Safely in my room, I sat up in bed, Doctor Kitten beside me. My resident will-o’-the-wisp had taken up his preferred spot on my nightstand, curled into the nest I’d made for him from an old T-shirt. He glowed a warm, soothing bedtime yellow.

I needed help. I thought about Thea and Jordan. I wouldn’t call Thea for advice; she was loving, lovely, and not very practical.

Jordan, however, was an engineer who wrote Dungeons and Dragons campaigns in his spare time. If anyone would have practical and well-reasoned advice off the bat, it was him.

“We have to call Jordan,” I said. Doctor Kitten mewled in agreement.

I scrolled through my contacts for Jordan’s name and clicked on it before I could think too hard. It was one a.m. He might not be awake.

But he answered on the second ring. “Mir?” He sounded groggy.

“Jordan?” I said.

“Are you okay?” He paused. “I haven’t heard from you in a while.”

“I’m fine,” I said, staring at my empty hand. “Work is just hard.”

I hadn’t even checked my email when we got in. I had been offline for six hours. For all I knew, something was on fire.

“This job is terrible for you,” he said. I could hear his voice change as he shifted closer to the phone. “Is it worth it?”

“Yeah, I mean…” I trailed off. Heaved a deep breath. “Jordan, I have to tell you something and I need you not to panic.”

“Okay,” he said, slowly. His tone had lost its sleep-rough edge. “What is it?”

“Swear not to tell anyone, not even Thea,” I added. “I have to tell her myself. When I’m ready.”

“Are you pregnant?” he asked. He sounded baffled. “When did you even have time—”

“No, shut up!” I said, suddenly so exasperated I couldn’t be nervous. Which had probably been his goal. “I’m trapped in Faerie, Jordan, and I need your advice about going on a quest to find a way home.”

As if he knew I needed him, Doctor Kitten uncurled himself from my side and stepped into my lap. I hunched around him, breathed heavily into the phone, and didn’t speak again. For several seconds, there was silence between us. Then I heard Jordan take a few slow, deep breaths.

“Ah,” Jordan said, his tone even in the way that meant he was suppressing panic. “Well, that would certainly explain why you’ve been completely avoiding us.”
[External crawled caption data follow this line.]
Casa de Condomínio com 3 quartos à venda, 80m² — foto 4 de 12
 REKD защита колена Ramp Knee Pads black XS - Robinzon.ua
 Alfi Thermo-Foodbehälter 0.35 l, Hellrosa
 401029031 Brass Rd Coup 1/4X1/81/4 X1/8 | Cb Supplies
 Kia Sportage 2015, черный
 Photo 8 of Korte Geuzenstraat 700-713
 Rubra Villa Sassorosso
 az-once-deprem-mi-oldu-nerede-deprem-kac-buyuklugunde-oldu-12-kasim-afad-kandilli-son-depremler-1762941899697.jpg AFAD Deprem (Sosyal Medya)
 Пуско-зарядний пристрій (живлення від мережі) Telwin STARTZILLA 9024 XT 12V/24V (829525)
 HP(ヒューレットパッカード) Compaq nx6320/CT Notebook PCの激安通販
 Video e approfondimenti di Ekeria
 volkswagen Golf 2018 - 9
Something in my stomach unclenched.

“Yeah,” I agreed.

“How’d that happen?” he asked.

I splayed out on the bed and told him the whole story.

At the end of it, Jordan hummed thoughtfully. I sat up again and leaned back against the headboard.

“I can see why you didn’t tell any of us, but the point of your friends is to lighten your burdens, you moron.” He sighed.

I made a vague noise. I couldn’t speak yet.

“Well, what’s Faerie like, then?” Jordan asked.

“It’s—” I stopped. I hadn’t allowed myself to think about it, really. “It’s different.”

“No way,” he gasped. “Faerie, the pocket dimension populated entirely with magical people and famously separated from the human realm for at least a hundred years, is different?”

“Oh, shut up,” I muttered. But that wasn’t what I wanted to say to him. “It’s like you’d expect,” I tried again. “Everything is slightly brighter. And there’s a colony of vampire nudists, I think, who skybathe on the lawn most days.”

He snorted. “Of course that’s what you notice.”

“I’m mentioning it for your benefit,” I snapped. “But what do I do about this quest, Jordan?”